Urachal (U) and non-urachal (NU) bladder adenocarcinomas (adenoCas), while histologically similar, differ in their location and sometimes in treatment options. These variations in bladder cancer highlight the need for a deeper understanding of their genomic alterations (GAs).

Antonio Cigliola and the team aimed to analyze the differences in GAs between U and NU bladder adenoCas to identify potential therapeutic targets for clinical trials.

Researchers analyzed 133 U and 328 NU adenoCas. Comprehensive genomic profiling (CGP) using hybrid capture was conducted to assess various GAs classes. Germline status was predicted with a validated computational method for somatic and germline variations. The CGP was carried out using FoundationOne and FoundationOne CDx assays by Foundation Medicine, Inc.

Results indicated that in both U and NU adenoCas, TP53 and KRAS were the most common GAs (86.5% vs. 81.1% and 34.6% vs. 27.7%, respectively). The U tumors had more alterations typical of colorectal cancer, like SMAD4 (P=0.069) and GNAS (P=0.071), while NU tumors had more TERT (P<0.01) and RB1 (P=0.071). Both types showed potentially targetable alterations in PIK3CA (7.5% vs. 7.9%) and ERBB2 (6.8% vs. 7.6%).

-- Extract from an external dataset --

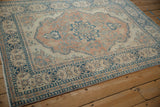 Distressed Tabriz rug close-up: intricate floral vines in sapphire blue and terracotta.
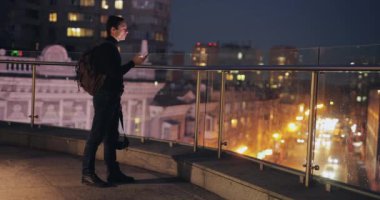 Şehir terasında akıllı telefon kullanan bir adam.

Anti-PD-1/L1 biomarkers were rare, with median tumor mutational burdens of 2.6 for U and 3.5 for NU, and PD-L1 expression >1% was rare. Genomic signatures were similar between the 2 types, and GAs were most commonly somatic. The study faced limitations like a lack of clinical data and tumor heterogeneity.

The study concluded that GAs in U and NU adenoCas differ, with PIK3CA and ERBB2 identified as potential therapeutic targets. Biomarkers for anti–PD-(L)1 response were rare, emphasizing the role of CGP in personalizing bladder adenoCas treatment and trial design.

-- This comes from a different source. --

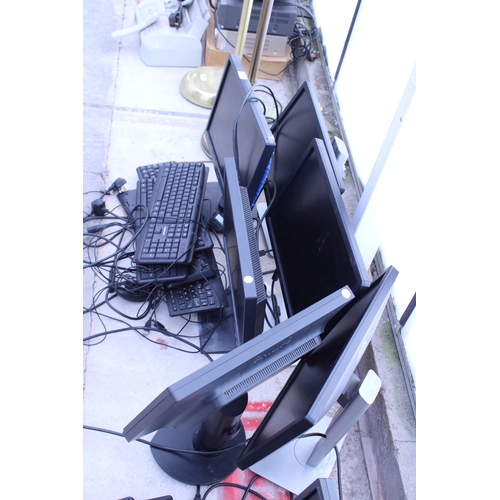 2409 - A LARGE QUANTITY OF COMPUTER MONITORS AND KEYBOARDS ETC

Research was funded by Pfizer, Bristol Myers Squibb, Merck, QED Therapeutics, GlaxoSmithKline, Mirati Therapeutics, EMD Serono, G1 Therapeutics, Gilead Sciences, Acrivon Therapeutics, ALX Oncology, Genentech, FKD Therapies, Photocure, SWOG, Patient-Centered Outcomes Research institute (PCORI), enGene, Arquer Diagnostics, Seagen, Foundation Medicine, Merck Sharp & Dohme, AstraZeneca.

Source: https://pubmed.ncbi.nlm.nih.gov/39151108/

Cigliola A, Basnet A, Jacob JM, et al. (2024). “Urachal and Nonurachal Adenocarcinomas of the Urinary Bladder: A Comprehensive Genomic Profiling Study.” JCO Precis Oncol. 2024 Aug;8:e2400200. doi: 10.1200/PO.24.00200. PMID: 39151108.